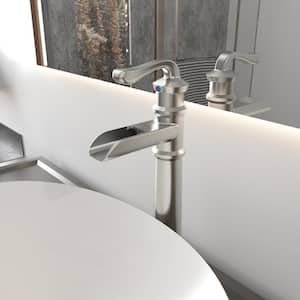 Single Handle Vessel Sink Faucet with Supply Lines in Brushed Nickel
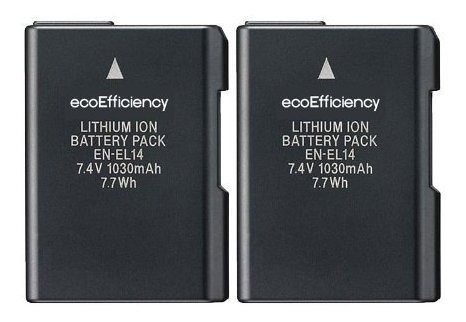 Ecoefficiency Juego 2 Bateria El14 El14a Para Camara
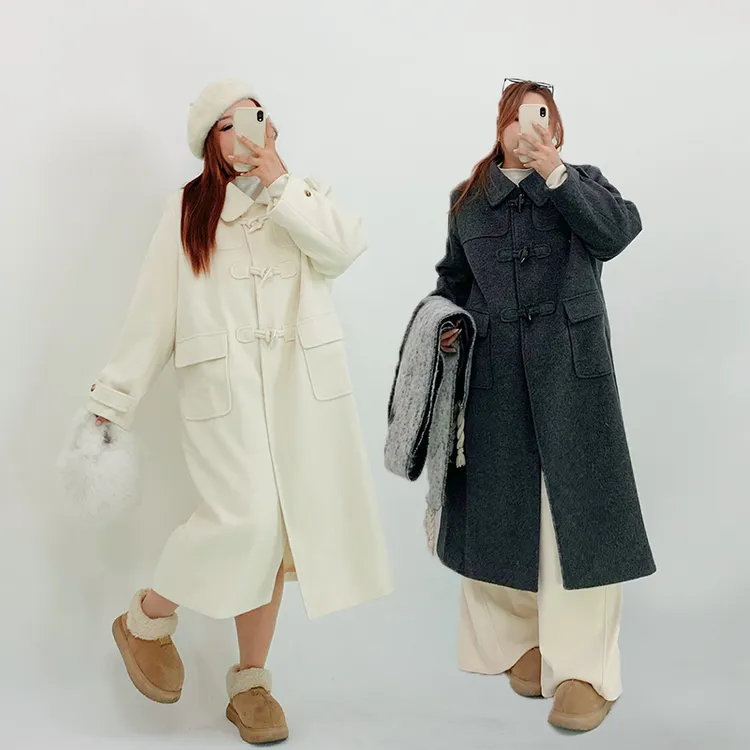 Milu家大码女装冬季甜美学院风牛角扣呢子大衣胖mm中长款毛呢外套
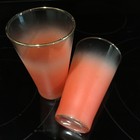 Vintage Blendo Frosted Glass 12oz Tumblers Orange Gold Rim Retro 60 s Mcm Set 2
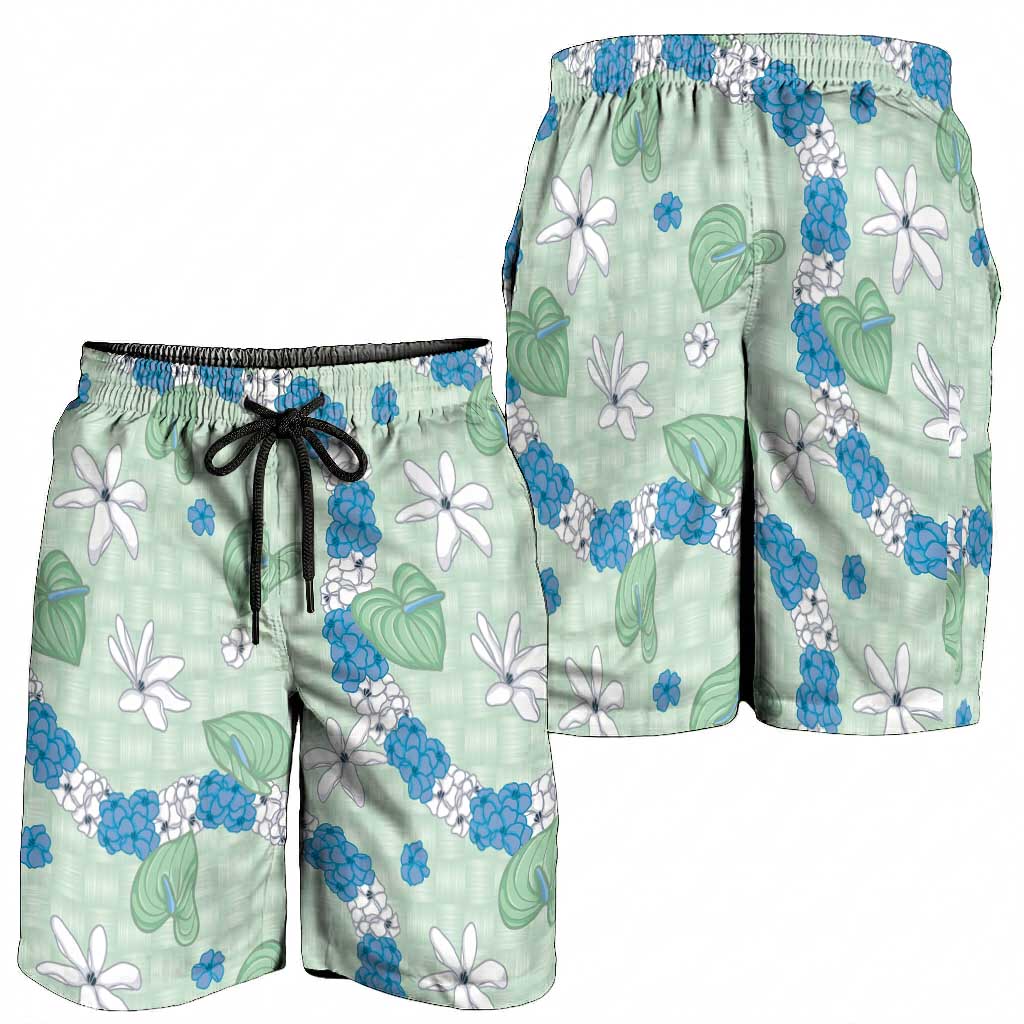 Hawaii Anthurium Tiare Pikake Lei Shorts for Men Omaomao Lauhala Art Pattern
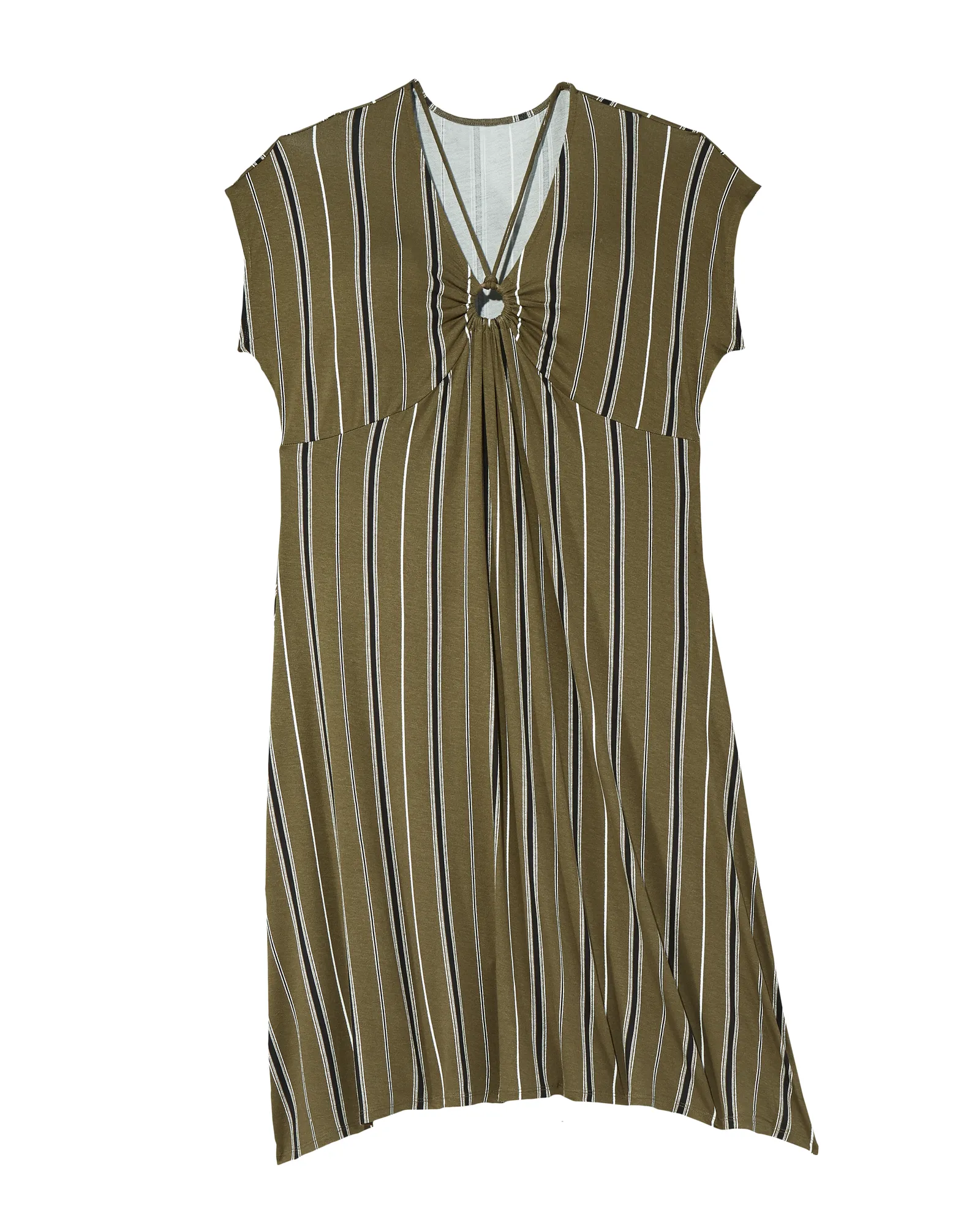 Pasadena Short Sleeve Keyhole Dress | Olive Green / Black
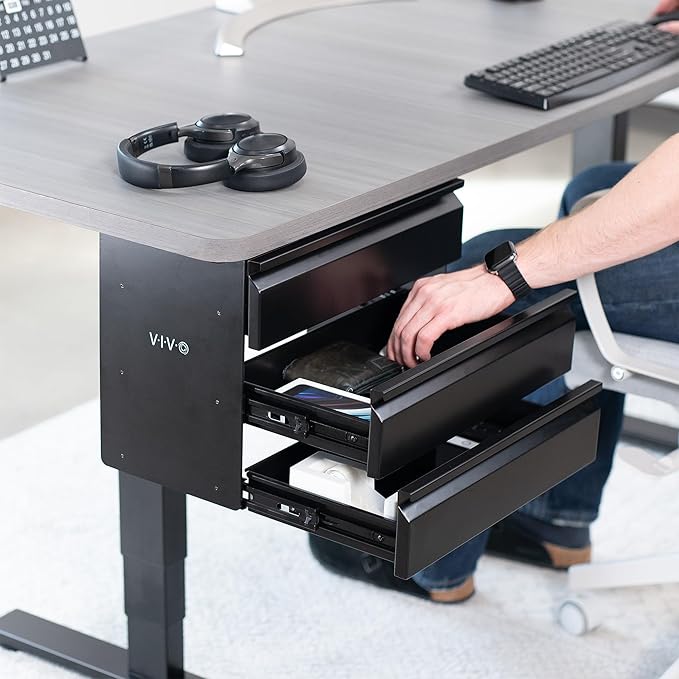 VIVO 16 in Slide Out Dual Tier Storage Drawer, Under Desk 3 Layer Organizer, Black, DESK-DR03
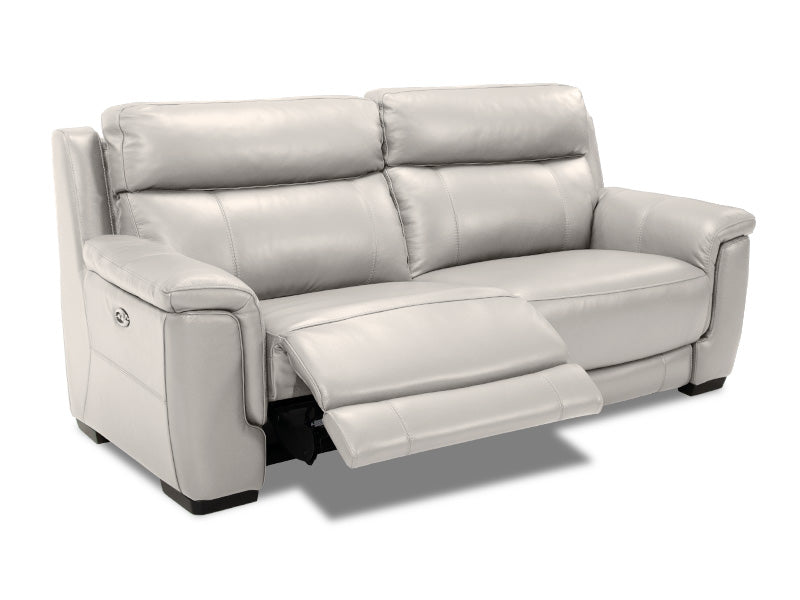 Genoa 2.5 Seat Leather Electric Recliner - Frost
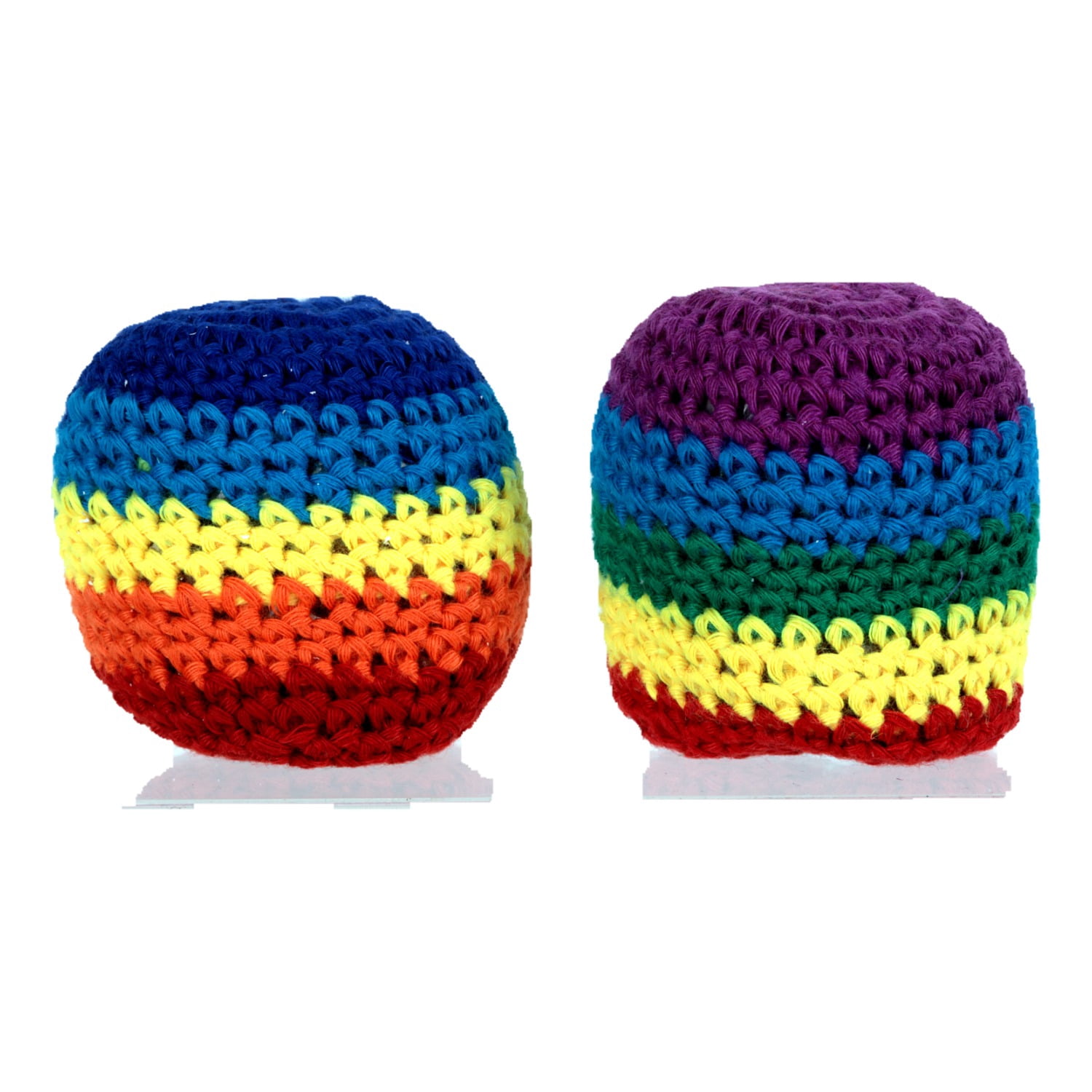 Crochet Footbag 2-Pack – 2.25 x 2 in, 40g Kick Sack Balls for Adults & Kids, Juggling & Stress Relief Toy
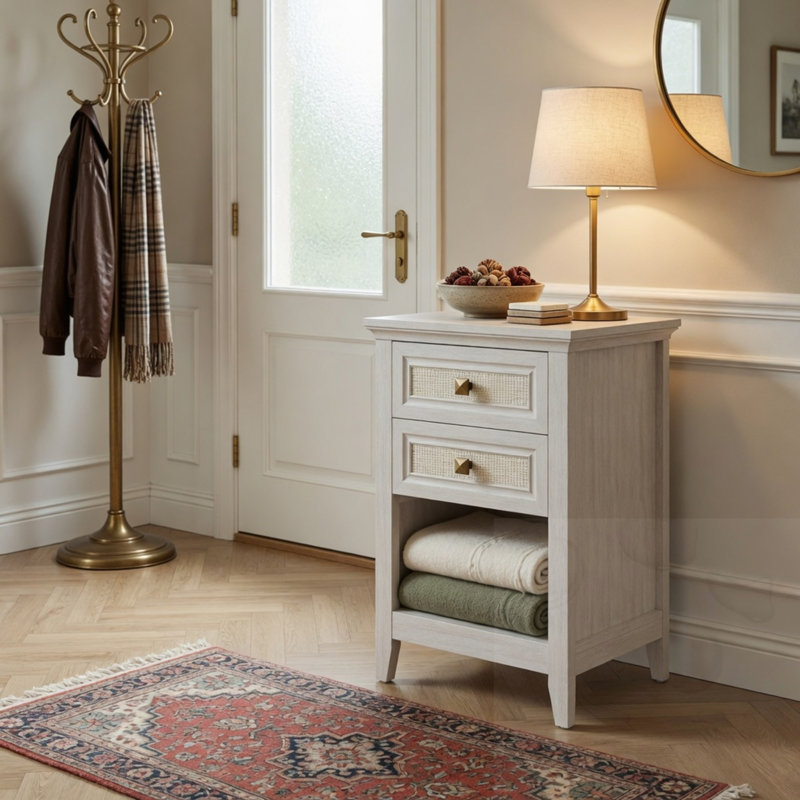 Table de chevet avec 2 tiroirs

| WHAT TO WORK ON |
Please print each entry exactly as it stands, without the pictures.

| EXPECTED OUTPUT |
 Single Handle Vessel Sink Faucet with Supply Lines in Brushed Nickel
 Ecoefficiency Juego 2 Bateria El14 El14a Para Camara
 Milu家大码女装冬季甜美学院风牛角扣呢子大衣胖mm中长款毛呢外套
 Vintage Blendo Frosted Glass 12oz Tumblers Orange Gold Rim Retro 60 s Mcm Set 2
 Hawaii Anthurium Tiare Pikake Lei Shorts for Men Omaomao Lauhala Art Pattern
 Pasadena Short Sleeve Keyhole Dress | Olive Green / Black
 VIVO 16 in Slide Out Dual Tier Storage Drawer, Under Desk 3 Layer Organizer, Black, DESK-DR03
 Genoa 2.5 Seat Leather Electric Recliner - Frost
 Crochet Footbag 2-Pack – 2.25 x 2 in, 40g Kick Sack Balls for Adults & Kids, Juggling & Stress Relief Toy
 Table de chevet avec 2 tiroirs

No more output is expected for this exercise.